Re: For the discussion on the PWP from Leonard Rosenthol on 2016-11-23 (public-digipub-ig@w3.org from November 2016)

From: Leonard Rosenthol <lrosenth@adobe.com>
Date: Wed, 23 Nov 2016 06:52:02 +0000
To: Hadrien Gardeur <hadrien.gardeur@feedbooks.com>, Ivan Herman <ivan@w3.org>
CC: W3C Digital Publishing IG <public-digipub-ig@w3.org>, Ric Wright <rkwright@geofx.com>, Laurent Le Meur <laurent.lemeur@edrlab.org>
Message-ID: <116D64F6-8F89-44E9-9466-89210EB4E972@adobe.com>
I agree with David.  It is a very important goal, IMO, that resources shall not be changed when putting them into a package.  The contents need to be identical in packaged and unpackaged form.  The “manifest” is responsible for providing to the UA/RS any remapping that is required.   And yes, I agree that this has implementation implications – but that is part of what we will need to weigh as we move towards them.

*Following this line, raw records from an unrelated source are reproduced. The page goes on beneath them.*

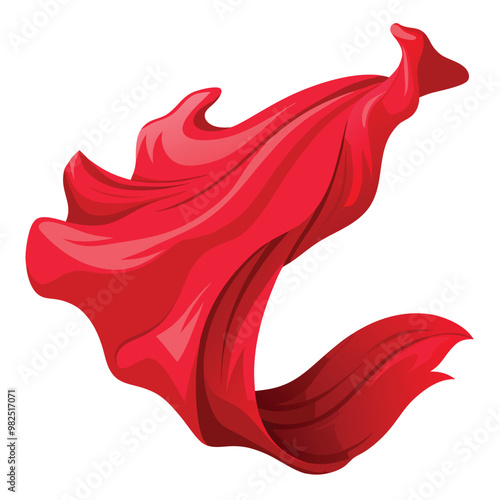 Silk flying vector illustration isolated on a white background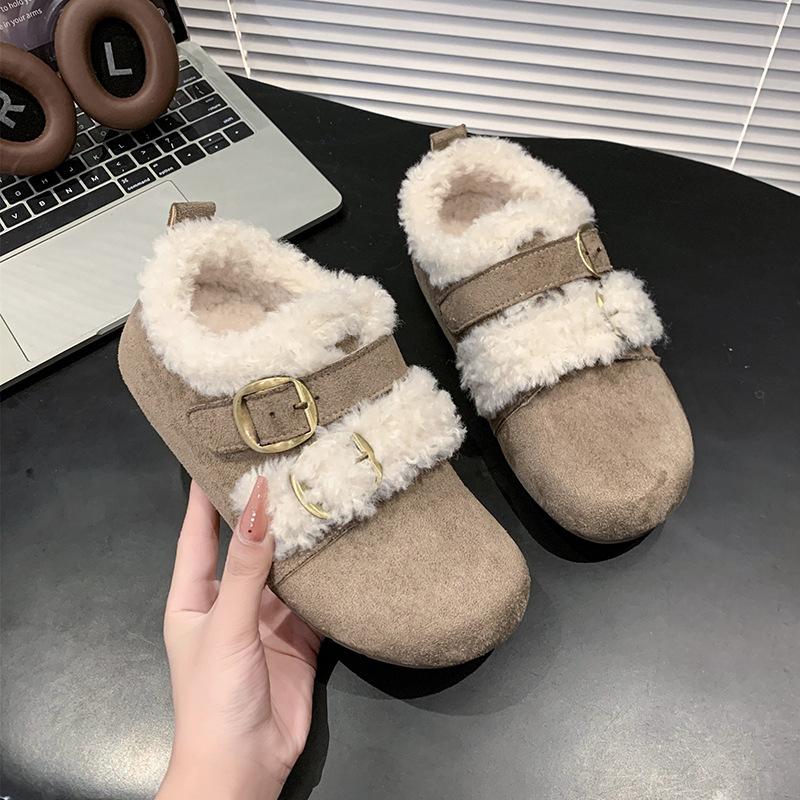 

Женские зимние теплые меховые сноубутсы большого размера на мягкой подошве, утепленные подкладкой ботильоны до щиколотки, нескользящие, для хайкинга, повседневные спортивные лоферы, хлопковая обувь 40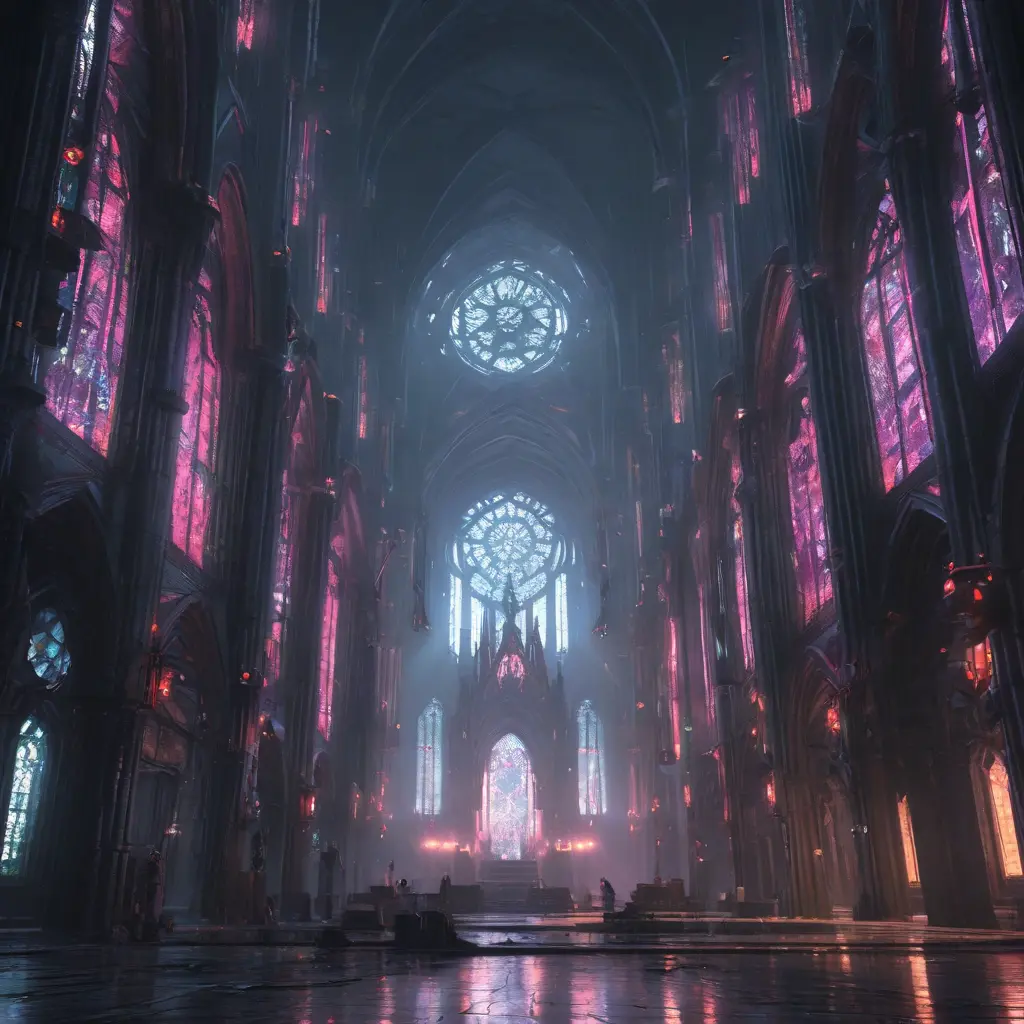 Cyberpunk Cathedral in a dystopian future, Dystopian, Cybernatic and Sci-Fi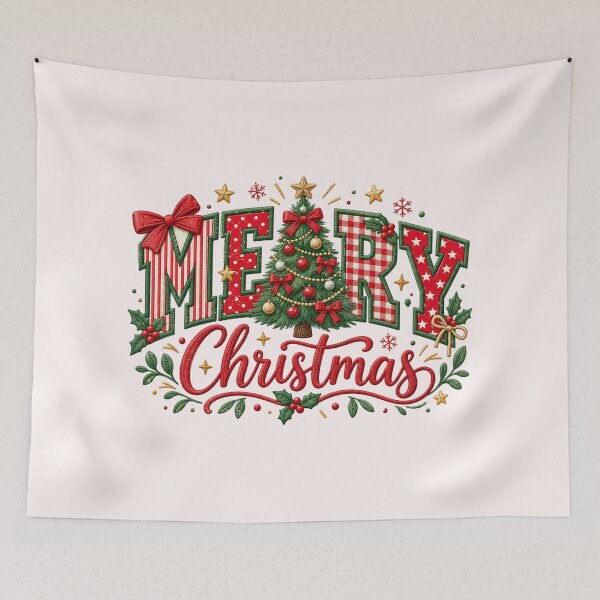 Item preview, Merry Christmas Floral Patchwork Tree, Cute Vintage Christmas Quilt Pattern, Cozy Cottagecore Holiday Aesthetic, Festive Retro Xmas designed and sold by Quiajia.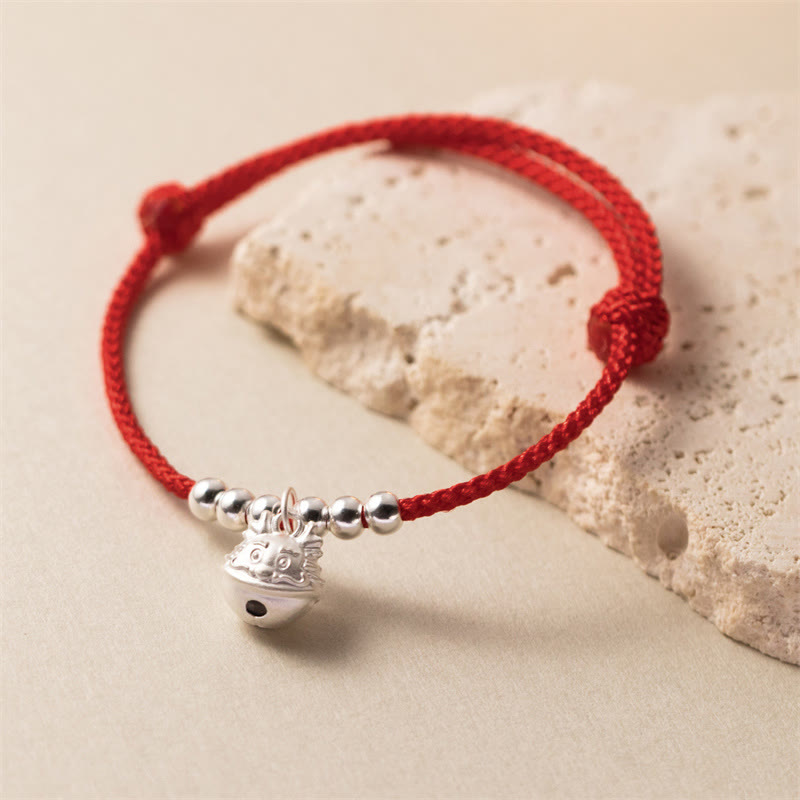 Buddha Stones Year of the Dragon 925 Sterling Silver Handmade Dragon Carved Success Braided Red Bracelet - Red Rope(Wrist Circumference 14-19cm) - image 0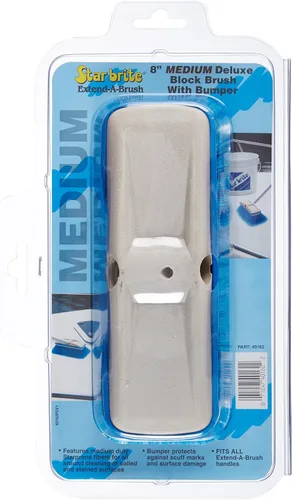 Vista 2 de STAR BRITE Cepillo de lavado medio premium de 8" con cabezal de cepillo W/parachoques - Conexiones duales que se ajustan a los postes roscados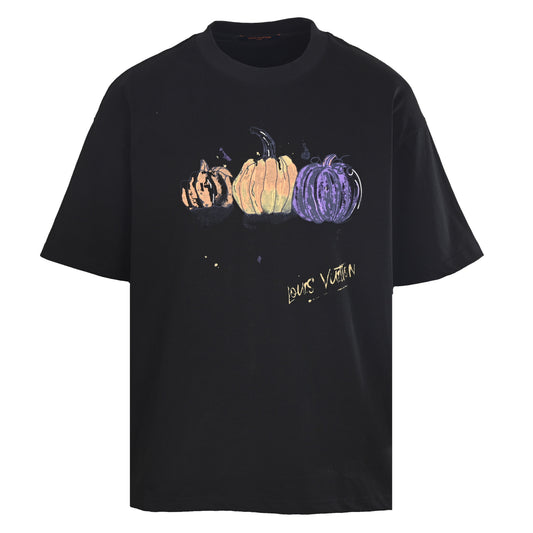Louis Vuitton Pumpkin Graphic Tee | Graffiti Print Designer Streetwear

Following your examples for User A – I agree with the concepts you’ve presented there.  Ivan and I have had some disagreement about such things as whether details of the manifest are public, what a GET on the identifier returns, etc.  But those details aside – yes all thigns you've listed below are true for A.
And for B – your use of hrefsrc is exactly the type of thing that I would envision as well.  HOWEVER, you are only looking at the easy case – the base HTML files.   Now try to do the same thing for an image referenced by c001.html – in that case, you need TWO hrefsrc – one for the canonical URL and one for the relative mapping inside the package. This also raises the really hard (from a security perspective) case of when c001.html (in this instance) uses an absolute URL to refer to something (eg. our Mona Lisa example at http://www.louvre.com/monalisa.jpg) - but now you need to make this fully self-contained AND not modify the HTML.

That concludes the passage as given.